As the nonpartisan Congressional Research Service has observed, “[p]ublic participation in agency decision making is highly sensitive to cost and delay” and applying greater judicial scrutiny of agency rulemaking will favor those who can afford these greater costs. 

Large corporate interests – which are accountable only to shareholders and devoted to maximizing profits – already have the edge with their vast resources to bury an agency in paperwork demands and litigation with a goal of weakening regulatory standards.

Rather than providing even more opportunities for the voices of corporate interests to prevail, we should be considering ways to ensure that the voices of the public are strengthened in the rulemaking process. 

Finally, enhanced judicial review would encourage judicial activism.

A less deferential judicial review standard would allow judges to effectively make public policy from the bench while lacking the specialized expertise that agencies possess.

The Supreme Court has had numerous opportunities to expand judicial review of rulemaking, but it has consistently rejected this approach.  This reflects its long-held belief that generalist courts lack the subject-matter expertise of agencies, are politically unaccountable, and should not engage in making substantive determinations from the bench.

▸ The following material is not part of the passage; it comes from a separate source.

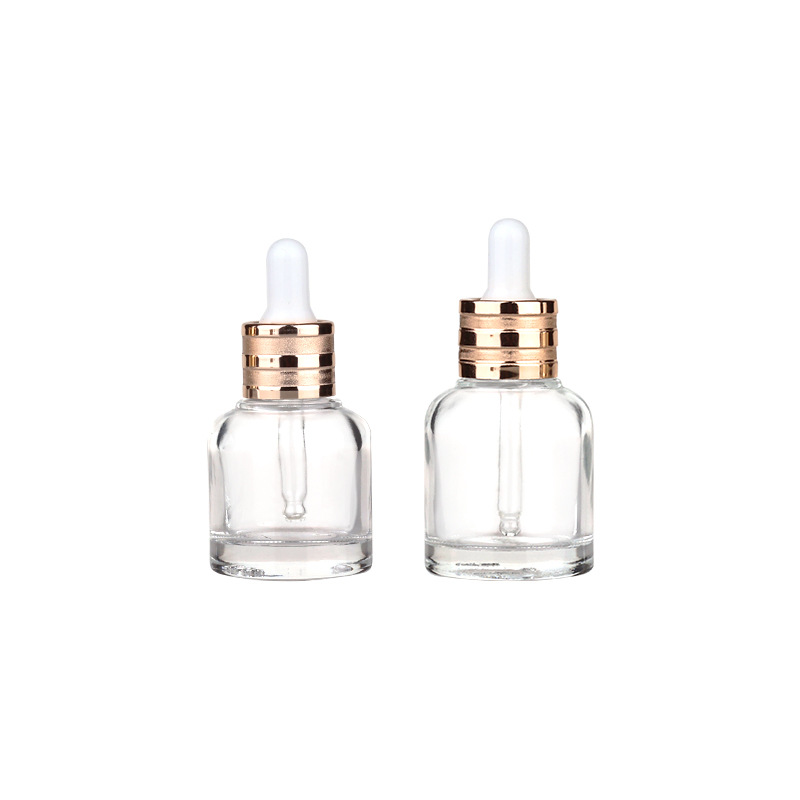 Glass Dropper Bottle, Essential Oil and Serum Dispensing Bottle, Cosmetic Packaging Container with Gold Collar and Pipette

Enhanced judicial review, on the other hand, would allow generalist courts to impose their personal policy preferences.

It is ironic that the Majority – which has long decried “judicial activism” – now seeks to give the judiciary a greater role in agency rulemaking.

And, what would be the impact of slowing down the rulemaking process?  It means that rules intended to protect the health and safety of American citizens would take longer to promulgate and become effective. This means a delay for regulations that protect the quality of the air we breathe and the safety of the water we drink, and the food we consume. 

In closing, I thank the witnesses for being here today and I look forward to hearing their testimony.